#### Task description:
Exactly reproduce the lines from the one containing "Maxbell 2pairs Women" through the last line of the data, both ends included, leaving out pictures.

#### Collected material:
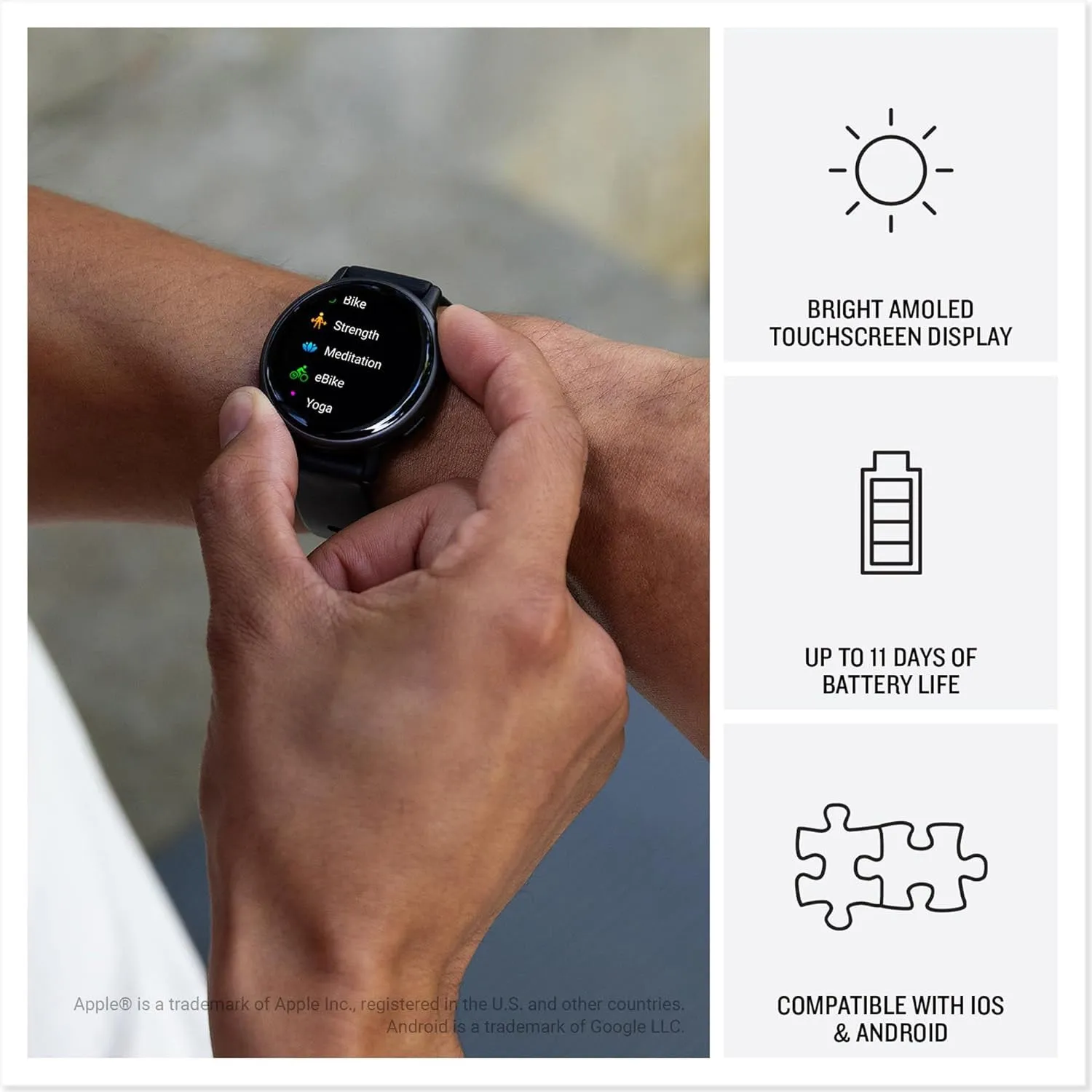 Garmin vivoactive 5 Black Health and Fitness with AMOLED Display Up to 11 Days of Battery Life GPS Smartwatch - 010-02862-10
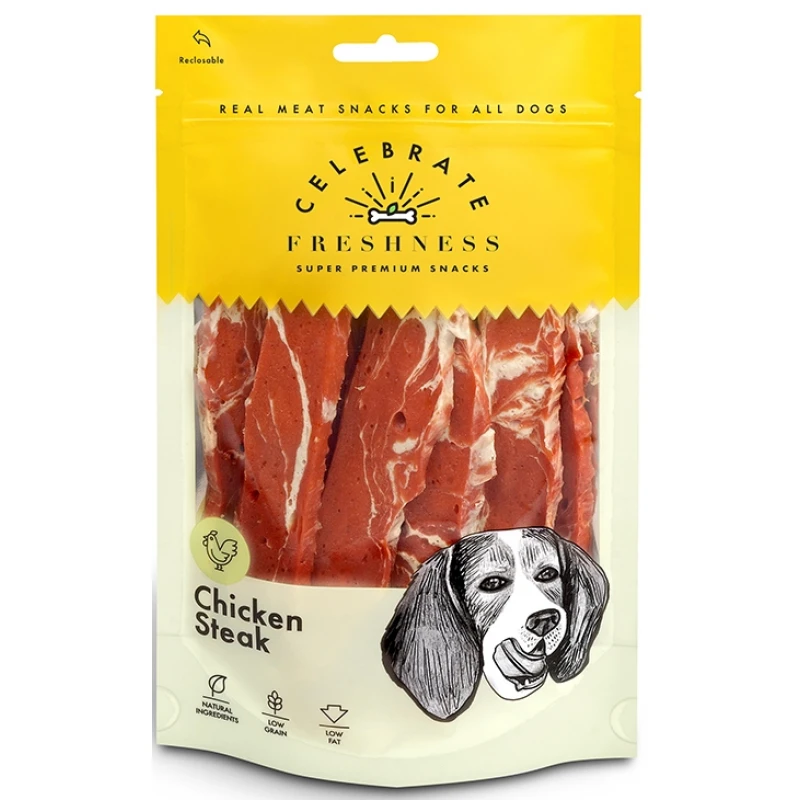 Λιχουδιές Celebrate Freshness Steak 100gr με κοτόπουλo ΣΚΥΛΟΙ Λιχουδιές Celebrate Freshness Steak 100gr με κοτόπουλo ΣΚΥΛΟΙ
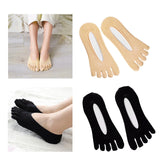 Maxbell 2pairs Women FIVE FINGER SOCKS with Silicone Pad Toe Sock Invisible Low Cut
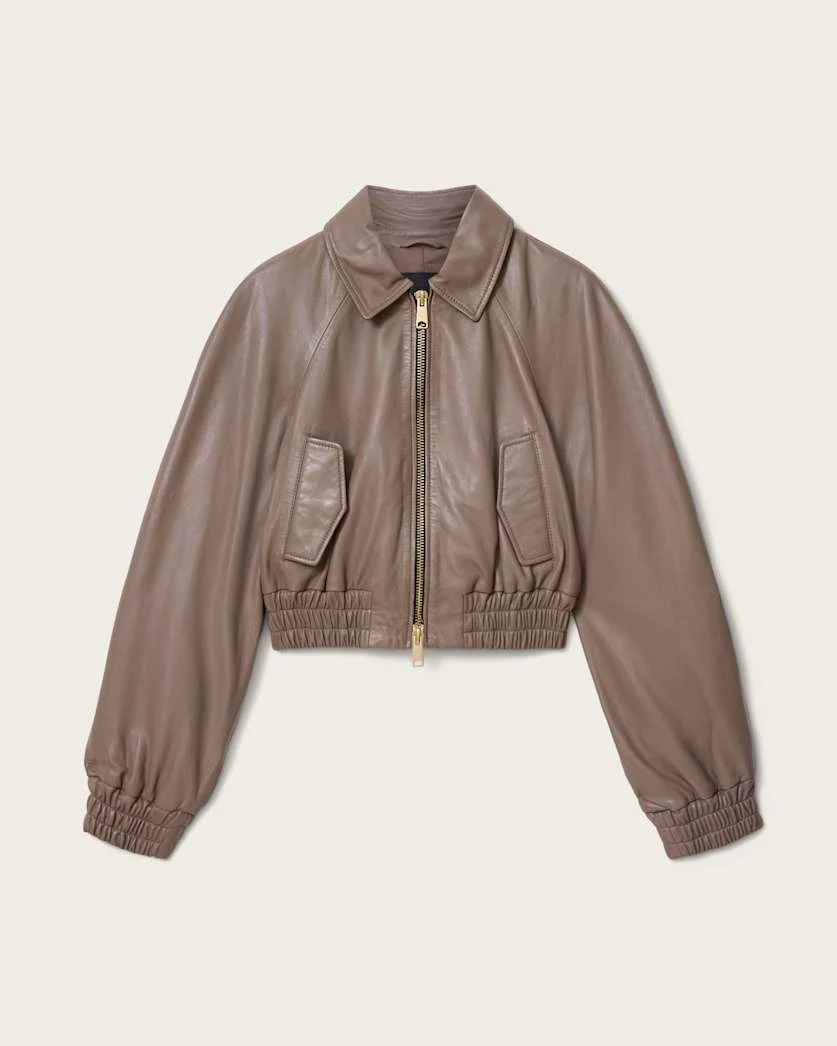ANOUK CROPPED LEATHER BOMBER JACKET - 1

#### Solution:
 Maxbell 2pairs Women FIVE FINGER SOCKS with Silicone Pad Toe Sock Invisible Low Cut
ANOUK CROPPED LEATHER BOMBER JACKET - 1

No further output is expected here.